6. Measure and record the mass of the calorimeter and water (original water + ice melt).

DATA

mass of calorimeter                                 ______ g
mass of calorimeter and warm water        ______ g
mass of warm water                               _______g
mass of calorimeter and all water/ice      ______ g
mass of ice added                                  _______g

initial water temperature (maximum) _______°C
final water temperature (minimum) _______°C

PROCESSING THE DATA

1. Calculate the change in water temperature, Dt (t_max – t_min).

2. Calculate the heat (in J) lost by the water melting the ice using the equation

Q = m • Δt • 4.185 J/g°C

where Q = heat (in joules), m = mass of warm water (in g), and Δt = change in temperature (in °C)

3. Calculate the heat needed to melt 1 g of ice (J/g).

4. An accepted value for the heat of fusion of ice is 334 J/g. Calculate your percent error:

5. What assumption did we make about heat lost by the water in the calorimeter as compared to heat gained by the melting ice?

EXTENSION

Design an experiment to find out if an ice cube taken from a freezer and immediately placed into a calorimeter needs the same amount of energy per gram for melting as does an ice cube that has been outside the freezer for ten minutes.

Thermochemistry is the study of heat changes that take place in a change of state or a chemical reaction - heat energy is either absorbed or released. If a process releases energy in the form of heat, the process is called exothermic. A process that absorbs heat is called endothermic.

Heat is defined as the energy transferred from one object to another due to a difference in temperature. We do not observe or measure heat directly - we measure the temperature change that accompanies heat transfer. In a chemical reaction it is often not possible to measure the temperature of the reactants or products themselves. Instead, we measure the temperature change of the surroundings.

The difference between the system and the surroundings is a key concept in thermochemistry. The system consists of the reactants and the products of the reaction. The solvent, the container, the atmosphere about the reaction (in other words, the rest of the universe) are considered the surroundings. Heat may be transferred from the system to the surroundings (the temperature of the surroundings will increase) or from the surroundings to the system (the temperature of the surroundings will decrease).
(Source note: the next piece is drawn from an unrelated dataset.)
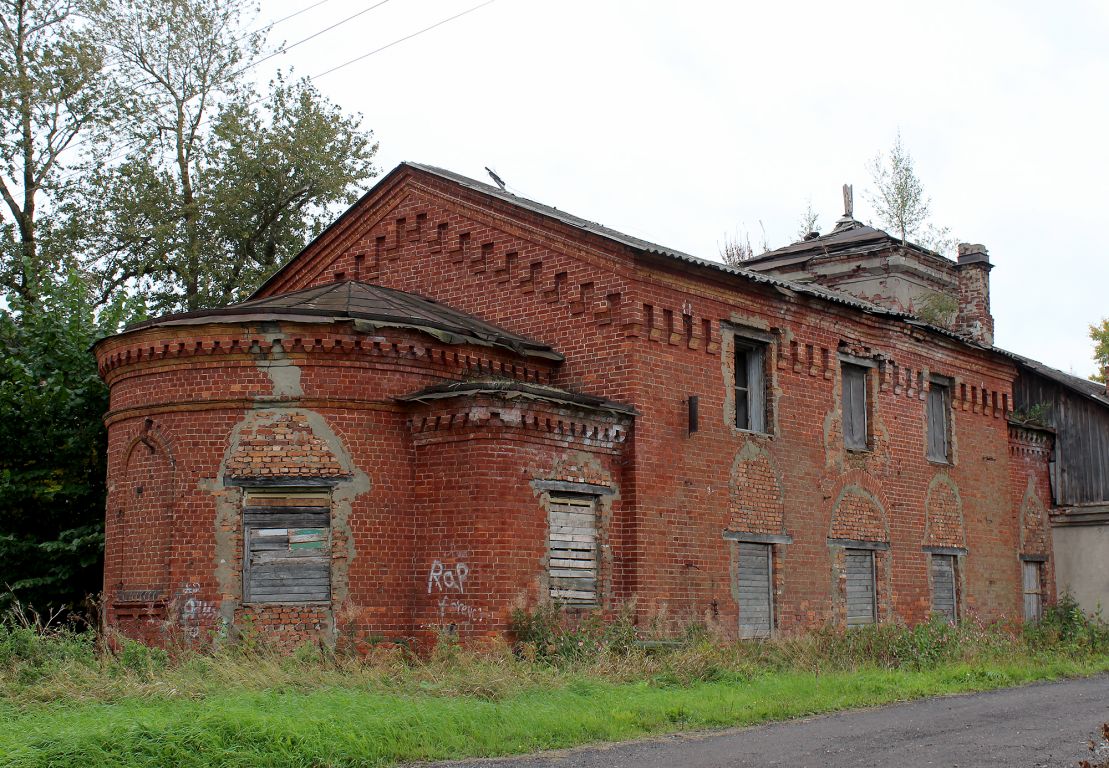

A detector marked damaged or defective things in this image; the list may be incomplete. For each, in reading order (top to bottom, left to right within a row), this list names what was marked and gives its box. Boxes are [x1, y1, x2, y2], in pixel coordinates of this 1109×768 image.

rusty metal roof sheet [126, 278, 563, 359]
broken window frame [927, 376, 953, 461]
broken window frame [241, 487, 330, 607]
When a system releases heat to the surroundings during a reaction, the temperature of the surroundings increases and the reaction container feels warm to the touch. This is an exothermic reaction. Heat flows out of the system. An example of an exothermic reaction is the combustion of propane (C₃H₈) in a barbecue grill to produce carbon dioxide, water, and heat. Note that heat appear in the product side of the equation:

C₃H₈ (g) + 5 O₂ (g) à 3CO₂ (g) + 4H₂O (g) + heat

When a system absorbs heat from the surroundings during a reaction, the temperature of the surroundings decreases and the reaction container feels cold to the touch. This in an endothermic reaction. Heat flows into the system. A familiar example of an endothermic process is the melting of ice. Solid water (ice) needs heat energy to break the forces holding the molecules together in the solid state.

The heat absorbed by water in turning it to steam has been used to break apart the forces (i.e., hydrogen bonding) between water molecules in the liquid phase. The amount of heat that must be absorbed to vaporize a specific quantity of liquid (usually one gram or one mole) is called the heat of vaporization. In a similar manner, heat is also required to melt ice. The amount of heat that must be absorbed to melt a specific quantity of solid is called the heat of fusion.
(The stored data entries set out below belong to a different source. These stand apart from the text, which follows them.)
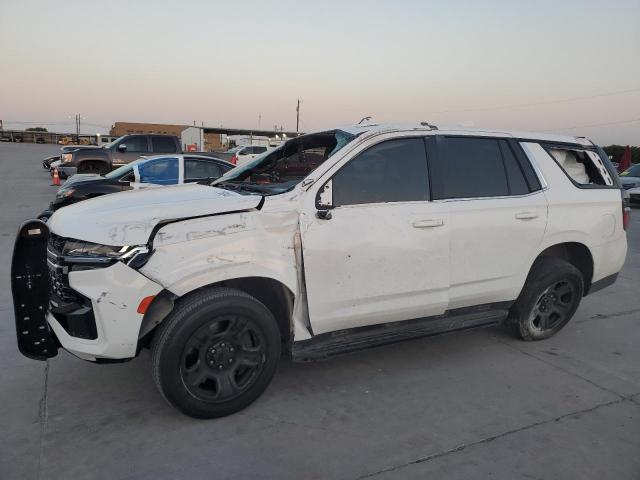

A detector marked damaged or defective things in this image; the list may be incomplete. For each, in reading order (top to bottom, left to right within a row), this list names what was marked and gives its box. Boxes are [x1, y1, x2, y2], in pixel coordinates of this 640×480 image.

missing headlight area [548, 147, 612, 187]
damaged white chevrolet tahoe [12, 123, 628, 416]
front wheel well damage [532, 244, 592, 292]
front wheel well damage [139, 280, 294, 354]
cracked pavement [1, 143, 640, 480]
The amount of heat transferred in these processes depends on the difference in the energy stored in each substance. This stored energy is called the heat content or enthalpy, and is represented by the symbol H.. The enthalpy change ( ΔH) for a physical process or a chemical reaction is defined as the heat change that occurs at a constant pressure. This is convenient, because most of the reactions that are carried out in the lab are in flasks or containers that are open to the atmosphere – that is, they take place at a constant pressure equal to the barometric pressure.

Equation 1 shows the equality between the change in enthalpy (ΔH) of a system and the amount of heat transferred, symbolized by q_p, for a reaction carried out at a constant pressure.

ΔH = q_p Equation 1

The amount of heat (q_p) transferred to a substance or object depends on three factors: the mass (m) of the object, its specific heat (c_p) and the resulting temperature change (Δt)

q_p = m • Δt • c_p Equation 2

The specific heat (c_p) of a substance reflects its ability to absorb heat energy and is defined as the amount of heat needed to raise the temperature of one gram of a substance by one degree Celsius. The specific heat of water is equal to 4.185 J/gºC. In most laboratory situations, the temperature change is measured not for the system itself (the reactants and products) but for the surroundings (the solution and reaction vessel). The amount of heat released by the system must be equal to the amount of heat absorbed by the surroundings. The sign convention in Equation 3 reveals that the heat change occurs in the opposite direction.

q₍_system) = - q_{(surroundings)}

For an exothermic reaction, the heat released by the system results in a temperature increase for the surroundings (Δt is positive) and the heat absorbed by the surroundings will be a positive quantity. The heat released by the system must have the reverse sign – it must be a negative quantity. According to this convention, the enthalpy change for an exothermic reaction is always a negative value. For an endothermic reaction, in contrast, the heat absorbed by the system results in a temperature decrease for the surroundings (Δt) is negative) and the heat released by the soundings will be a negative quantity. The heat absorbed by the system must have the opposite sign - it must be a positive quantity. According to this convention, the enthalpy change for an endothermic reaction is always a positive value.

The energy or enthalpy change associated with the process of a solute dissolving in a solvent is called the heat of solution (ΔH_soln). In the case of an ionic compound dissolving in water, the overall energy change is the net result of two processes - the energy required to break the attractive forces (ionic bonds) between the ions in the crystal lattice, and the energy released when the dissociated (free) ions form ion-dipole attractive forces with the water molecules.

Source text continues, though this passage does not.